The case was officially dismissed on 12 July 2018, with the court saying that the ’objective of promoting nuclear power, and, more specifically, of promoting the creation of new nuclear energy production capacities, is related to the Euratom Community’s goal of facilitating investment in the nuclear field’.
It also said that Austria had failed to disprove the EC’s statement that it was ‘unrealistic’ to expect a comparable amount of wind generating capacity to be built over the same timeframe as the construction of Hinkley Point C ‘given the intermittent nature of that source of renewable energy’.
An appeal may still be brought against the decision before the European Court of Justice within the next two months.
The court’s decision was labelled by Foratom, the European nuclear trade body, as a good sign ‘for all the EU Member States which are considering nuclear new build projects as it sends a positive signal for future nuclear investments in the EU’.

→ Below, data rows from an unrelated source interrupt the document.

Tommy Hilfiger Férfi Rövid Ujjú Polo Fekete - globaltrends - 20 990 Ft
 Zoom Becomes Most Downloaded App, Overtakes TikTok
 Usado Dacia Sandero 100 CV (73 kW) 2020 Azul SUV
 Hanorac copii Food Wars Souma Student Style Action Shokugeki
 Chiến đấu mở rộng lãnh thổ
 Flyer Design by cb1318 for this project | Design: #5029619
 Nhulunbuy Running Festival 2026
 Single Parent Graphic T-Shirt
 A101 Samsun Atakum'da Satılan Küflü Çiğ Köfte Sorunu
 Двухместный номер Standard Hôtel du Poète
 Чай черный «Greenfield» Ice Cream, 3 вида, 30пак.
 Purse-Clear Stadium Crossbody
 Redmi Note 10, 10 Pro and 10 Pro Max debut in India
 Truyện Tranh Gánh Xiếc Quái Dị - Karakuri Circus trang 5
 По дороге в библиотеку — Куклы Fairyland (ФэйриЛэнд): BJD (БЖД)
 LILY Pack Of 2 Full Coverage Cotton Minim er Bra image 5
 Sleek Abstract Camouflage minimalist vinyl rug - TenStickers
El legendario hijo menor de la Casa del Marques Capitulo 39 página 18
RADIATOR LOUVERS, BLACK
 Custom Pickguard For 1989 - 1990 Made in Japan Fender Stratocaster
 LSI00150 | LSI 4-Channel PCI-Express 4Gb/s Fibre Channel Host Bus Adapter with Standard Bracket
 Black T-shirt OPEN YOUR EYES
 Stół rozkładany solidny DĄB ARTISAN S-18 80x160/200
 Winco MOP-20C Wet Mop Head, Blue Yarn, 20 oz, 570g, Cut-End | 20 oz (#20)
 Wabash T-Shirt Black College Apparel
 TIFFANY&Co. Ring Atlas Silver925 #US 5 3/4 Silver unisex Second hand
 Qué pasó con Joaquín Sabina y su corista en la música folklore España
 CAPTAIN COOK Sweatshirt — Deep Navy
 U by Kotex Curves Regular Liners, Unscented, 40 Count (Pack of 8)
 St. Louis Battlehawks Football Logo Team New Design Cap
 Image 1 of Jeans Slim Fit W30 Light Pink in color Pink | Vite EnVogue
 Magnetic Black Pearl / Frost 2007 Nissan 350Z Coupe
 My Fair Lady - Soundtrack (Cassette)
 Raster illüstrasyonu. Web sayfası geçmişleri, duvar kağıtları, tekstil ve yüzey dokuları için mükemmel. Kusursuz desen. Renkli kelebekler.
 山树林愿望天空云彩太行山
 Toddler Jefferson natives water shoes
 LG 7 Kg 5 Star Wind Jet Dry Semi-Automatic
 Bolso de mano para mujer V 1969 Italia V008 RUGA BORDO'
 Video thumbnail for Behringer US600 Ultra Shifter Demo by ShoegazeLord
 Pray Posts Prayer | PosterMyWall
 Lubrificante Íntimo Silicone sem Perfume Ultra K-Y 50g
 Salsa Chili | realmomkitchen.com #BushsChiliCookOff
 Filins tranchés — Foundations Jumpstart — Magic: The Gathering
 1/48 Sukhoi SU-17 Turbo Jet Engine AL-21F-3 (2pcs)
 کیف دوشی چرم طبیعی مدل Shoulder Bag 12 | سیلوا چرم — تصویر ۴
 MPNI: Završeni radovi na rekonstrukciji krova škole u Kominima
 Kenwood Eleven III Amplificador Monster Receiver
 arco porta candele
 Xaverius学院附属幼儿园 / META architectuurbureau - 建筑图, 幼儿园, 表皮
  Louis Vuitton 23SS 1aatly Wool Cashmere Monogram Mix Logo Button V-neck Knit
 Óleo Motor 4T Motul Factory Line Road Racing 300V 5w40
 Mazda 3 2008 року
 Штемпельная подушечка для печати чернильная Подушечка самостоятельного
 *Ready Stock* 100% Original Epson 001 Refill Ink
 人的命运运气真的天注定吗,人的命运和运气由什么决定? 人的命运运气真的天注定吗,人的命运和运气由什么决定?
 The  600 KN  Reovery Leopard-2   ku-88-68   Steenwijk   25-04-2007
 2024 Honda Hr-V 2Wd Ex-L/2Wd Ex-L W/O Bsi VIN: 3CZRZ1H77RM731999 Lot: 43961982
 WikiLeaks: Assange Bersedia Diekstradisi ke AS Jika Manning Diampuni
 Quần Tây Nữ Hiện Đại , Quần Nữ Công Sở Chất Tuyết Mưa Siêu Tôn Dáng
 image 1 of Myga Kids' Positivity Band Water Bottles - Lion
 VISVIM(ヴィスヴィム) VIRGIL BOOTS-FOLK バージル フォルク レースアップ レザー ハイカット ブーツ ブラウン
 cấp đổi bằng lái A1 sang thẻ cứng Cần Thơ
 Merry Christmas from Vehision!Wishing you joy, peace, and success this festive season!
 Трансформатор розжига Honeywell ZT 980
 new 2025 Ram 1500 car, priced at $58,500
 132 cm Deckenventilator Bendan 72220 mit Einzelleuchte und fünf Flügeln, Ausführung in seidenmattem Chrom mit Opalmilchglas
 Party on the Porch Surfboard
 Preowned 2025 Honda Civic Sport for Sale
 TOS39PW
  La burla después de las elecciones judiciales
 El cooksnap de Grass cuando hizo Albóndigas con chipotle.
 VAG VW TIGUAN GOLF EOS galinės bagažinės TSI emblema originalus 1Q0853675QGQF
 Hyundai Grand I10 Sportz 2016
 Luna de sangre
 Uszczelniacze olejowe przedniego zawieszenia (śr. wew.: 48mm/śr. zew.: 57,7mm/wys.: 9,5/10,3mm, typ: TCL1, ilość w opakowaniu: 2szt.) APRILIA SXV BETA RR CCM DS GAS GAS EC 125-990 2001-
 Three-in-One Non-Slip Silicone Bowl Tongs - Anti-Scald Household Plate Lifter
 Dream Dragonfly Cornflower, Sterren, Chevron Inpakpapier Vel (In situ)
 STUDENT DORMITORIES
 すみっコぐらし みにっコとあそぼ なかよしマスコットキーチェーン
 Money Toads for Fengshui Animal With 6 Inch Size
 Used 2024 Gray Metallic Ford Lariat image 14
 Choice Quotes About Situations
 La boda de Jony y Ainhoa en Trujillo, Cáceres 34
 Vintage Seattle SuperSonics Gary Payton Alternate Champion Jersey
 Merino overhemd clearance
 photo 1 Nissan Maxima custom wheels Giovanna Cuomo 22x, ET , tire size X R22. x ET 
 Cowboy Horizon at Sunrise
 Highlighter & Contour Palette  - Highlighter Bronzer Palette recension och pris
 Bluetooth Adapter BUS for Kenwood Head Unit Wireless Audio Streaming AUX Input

Hinkley Point C is an EDF Energy project to be constructed in Somerset, England, and will consist of two Areva-designed European Pressurised Reactors. It is the first nuclear power station to be constructed in the UK in almost 20 years and is expected to provide around 7% of the country’s electricity. An October 2015 deal gave China General Nuclear a 33.5% stake in the project.
Austria also filed a lawsuit against the EC earlier this year for its approval of Hungarian state subsidies for the construction of two new reactors at the Paks nuclear power plant.